Records:
□ □ □ □

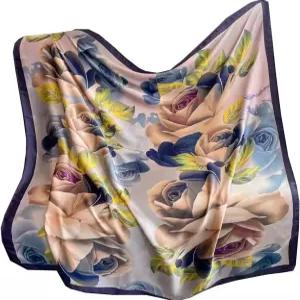 K-Elewon 대형 사각 스카프 43인치 실크 패션 느낌의 헤어 랩핑 나이트 슬리핑 헤드스카프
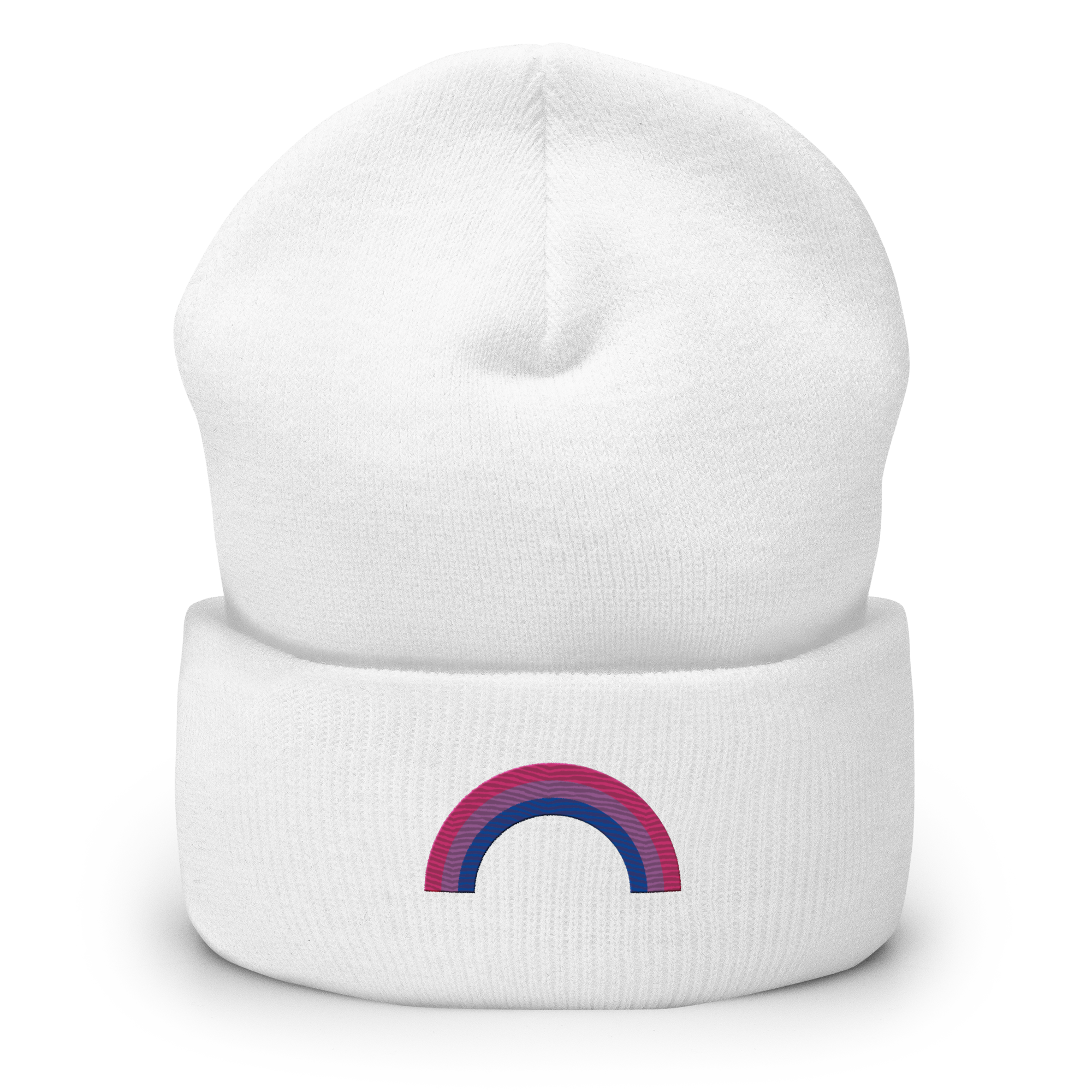 Embroidered Bisexual Rainbow Beanie: Pride Flag LGBTQ+ Design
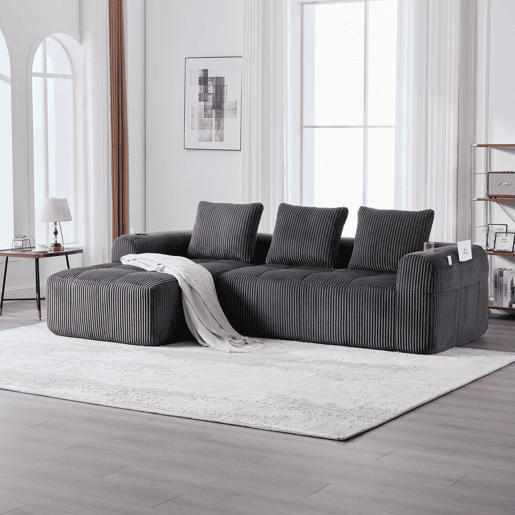 Sofá compacto de 4 lugares - Modular, confortável, com bolso e porta-copos - Cinza escuro
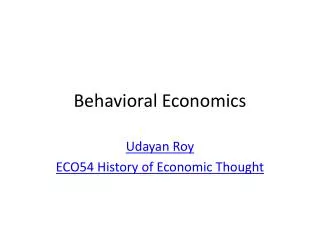 Behavioral Economics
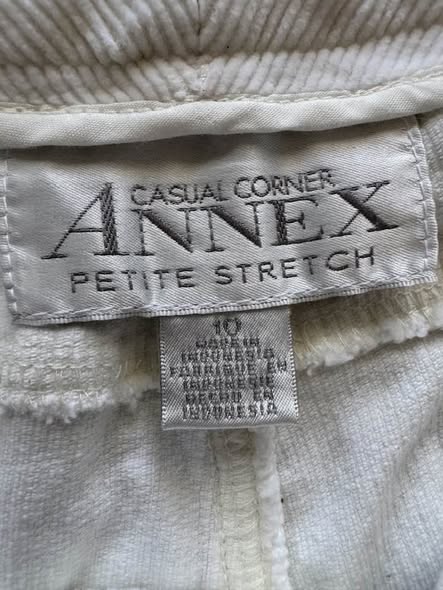 Ann Taylor Loft Casual Corner Petite Stretch White Corduroy Pants Women's 10P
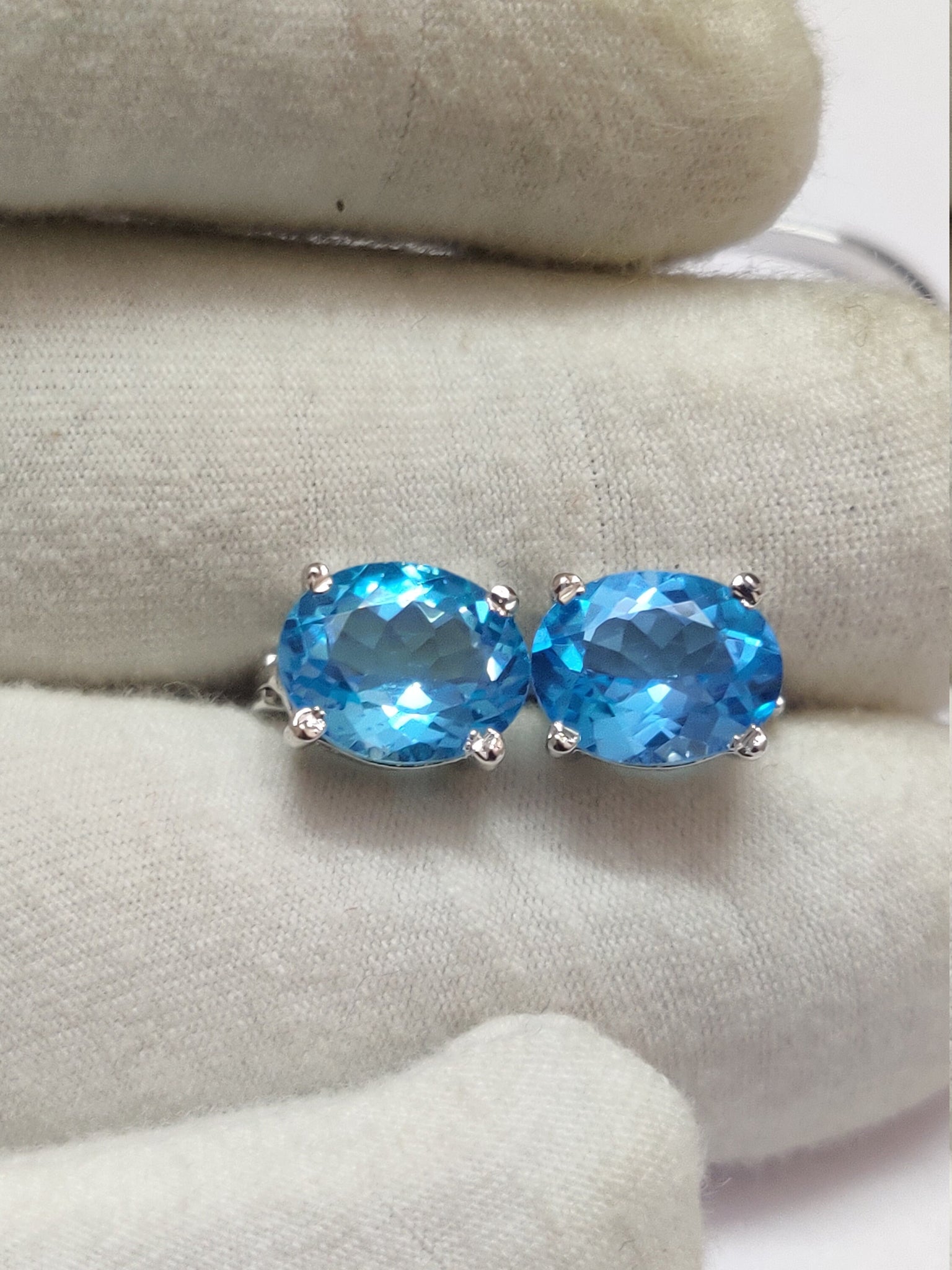 Swiss Blue Topaz Jewelry Set 8x10 mm Oval 11 Ct High Quality Blue Topaz Jewelry Set Prom Jewelry Set Topaz Jewelry Set Anniversary Gift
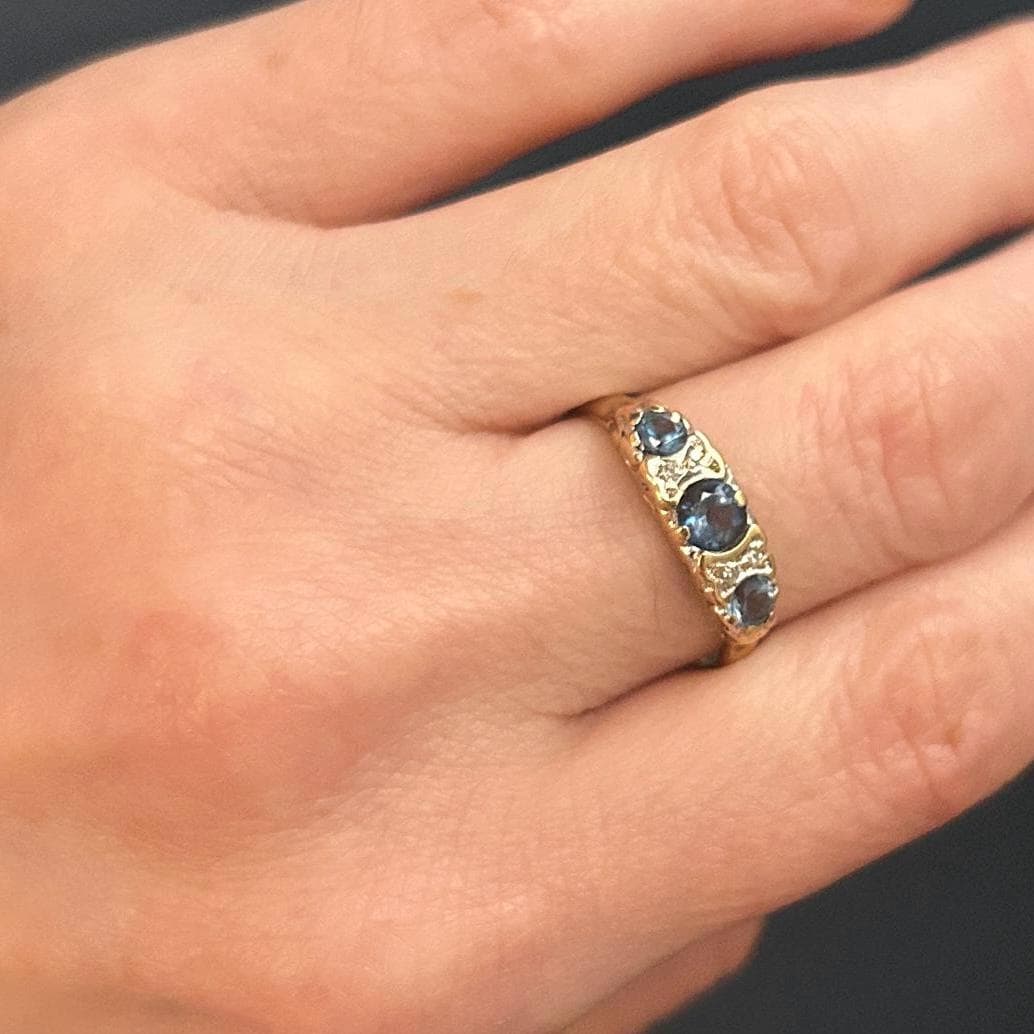 Vintage Half Eternity Blue Topaz & Diamond 9ct Yellow Gold Ring - Stack Ring 9k Size M / 6.5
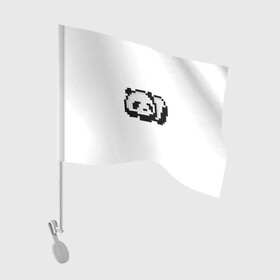Флаг для автомобиля с принтом Панда в Новосибирске, 100% полиэстер | Размер: 30*21 см | art | pixel | pixelart | милаха | милая панда | панда | панда пиксель арт | пиксели | пиксель | пиксельарт | спящая панда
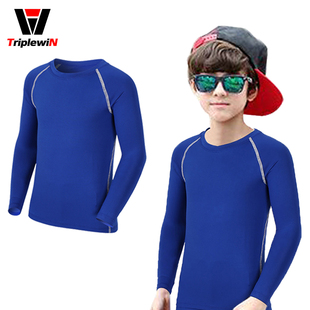 儿童打底防晒运动紧身衣弹力压缩 训练足球篮球骑行紧身速干薄款
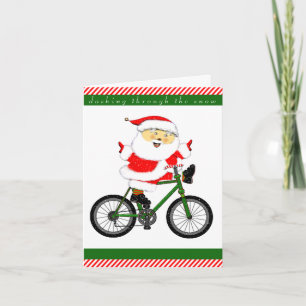 Cyclist Christmas Holiday Card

□ □ □ □

Problem requirements:
Looking at the listing above, which lines run from the one containing "Behavioral Economics" through the one containing "Vintage Half Eternity"? Print exactly those, ends included, pictures excluded.

Expected output:
 Behavioral Economics
 Ann Taylor Loft Casual Corner Petite Stretch White Corduroy Pants Women's 10P
 Swiss Blue Topaz Jewelry Set 8x10 mm Oval 11 Ct High Quality Blue Topaz Jewelry Set Prom Jewelry Set Topaz Jewelry Set Anniversary Gift
 Vintage Half Eternity Blue Topaz & Diamond 9ct Yellow Gold Ring - Stack Ring 9k Size M / 6.5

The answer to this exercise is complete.